At first glance, this might sound logical: Québec has its own immigration programs and selection criteria. But here's where it gets odd—once someone becomes a permanent resident of Canada, they are constitutionally entitled to live and work anywhere in the country, including Québec.
So why are applicants being asked to prove an intention they are not bound to respect after landing?
Québec’s Unique Role in Immigration
Québec has a special agreement with the federal government known as the Canada-Québec Accord, which gives the province exclusive control over the selection of economic immigrants who intend to settle there. That means if you want to live in Québec as a skilled worker, you must go through Québec’s own immigration programs.

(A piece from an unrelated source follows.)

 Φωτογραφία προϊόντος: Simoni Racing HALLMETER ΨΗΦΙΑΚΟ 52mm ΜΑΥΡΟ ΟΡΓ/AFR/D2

In contrast, federal programs like Express Entry are designed for applicants intending to live in the rest of Canada. So when someone submits an application through a federal stream but is living, working, or studying in Québec, IRCC often issues a procedural fairness letter questioning whether the applicant truly intends to settle outside Québec.
This leads to a strange legal and ethical dilemma: applicants must prove their “intention” to live elsewhere, even though they are under no obligation to respect that intention once they become permanent residents.

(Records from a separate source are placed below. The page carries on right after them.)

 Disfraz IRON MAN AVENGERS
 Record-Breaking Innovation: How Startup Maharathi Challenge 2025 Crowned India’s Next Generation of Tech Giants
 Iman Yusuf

A Legal Fiction—But With Real Consequences
The requirement to show intent isn’t backed by any mechanism to enforce it. Immigration officers cannot restrict someone from moving to Québec after receiving permanent residency. However, failing to demonstrate this intent convincingly can result in a refusal before permanent residency is granted.
Applicants are often forced to go to great lengths—moving to Ontario, signing leases, submitting letters from employers—to prove they have no ties to Québec, even if their reasons for being in Québec are temporary or beyond their control (such as completing studies or awaiting a job transfer).

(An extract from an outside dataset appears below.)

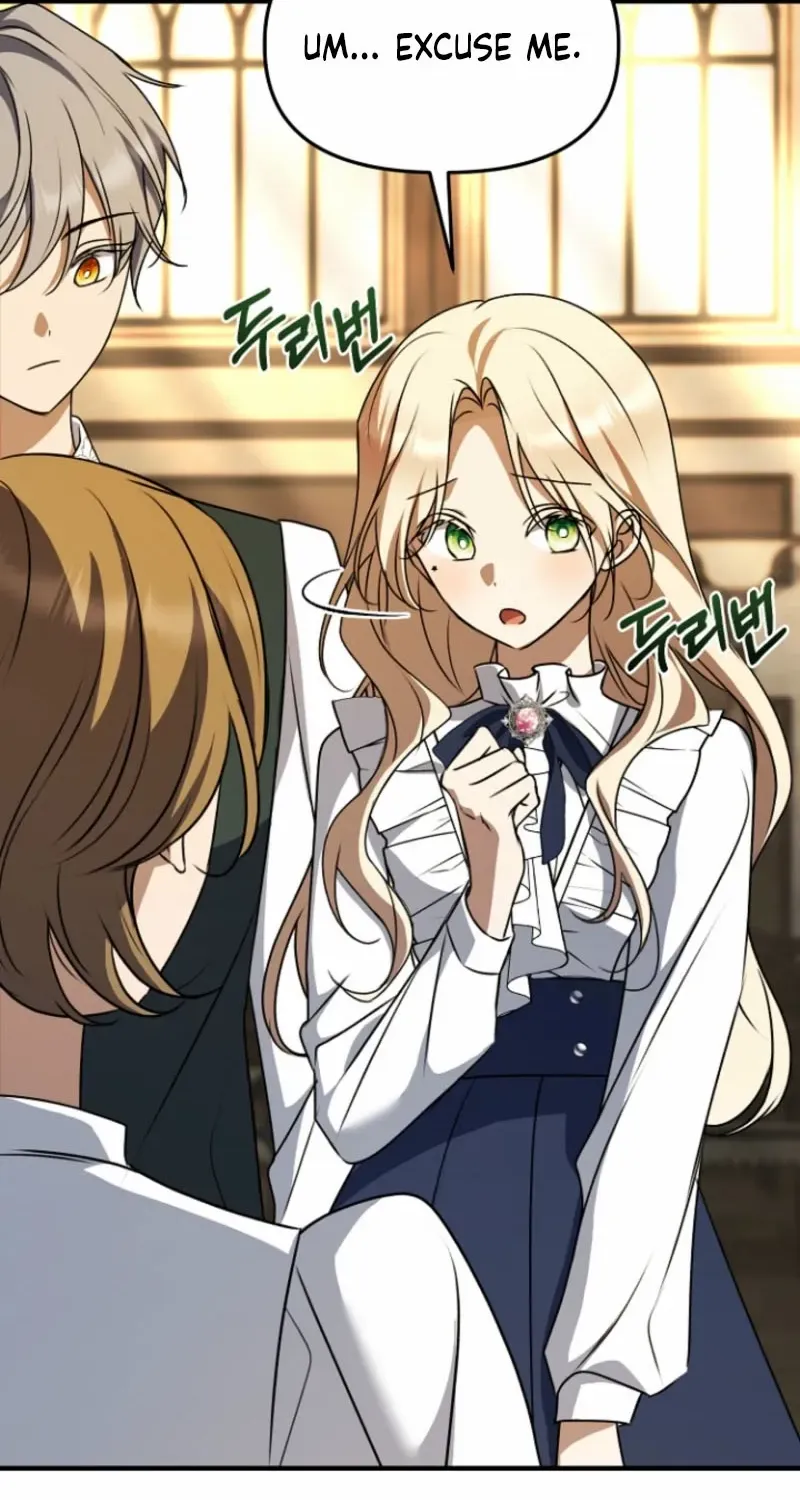 Read Surviving at the Cursed School chapter 5 image 94 on Lezhin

This disconnect creates what legal professionals refer to as a “legal fiction.” It's a requirement based on form over substance: everyone knows it cannot be enforced, yet it still dictates outcomes.
Should It Matter?
In principle, Canadian immigration policy is meant to serve national interests. Once someone is selected based on merit, skills, or family ties, does it really matter where they live? Forcing individuals to move or conceal their true intentions arguably creates unnecessary stress, encourages dishonesty, and wastes valuable resources—both for the applicant and for IRCC.
Moreover, the practice arguably opens the door to arbitrary or inconsistent decisions, where officers may subjectively interpret someone’s intent based on weak or circumstantial evidence.
A Call for Reform or Clarity
Rather than perpetuating this ambiguous standard, policymakers might consider modernizing the approach. This could include increasing transparency by publishing clearer guidelines on how officers assess “intention,” to ensure consistency and fairness.
Until then, applicants and their representatives must continue playing this awkward game—crafting narratives about where they plan to live, all the while knowing that the Canadian Charter of Rights and Freedoms allows them to move freely after landing.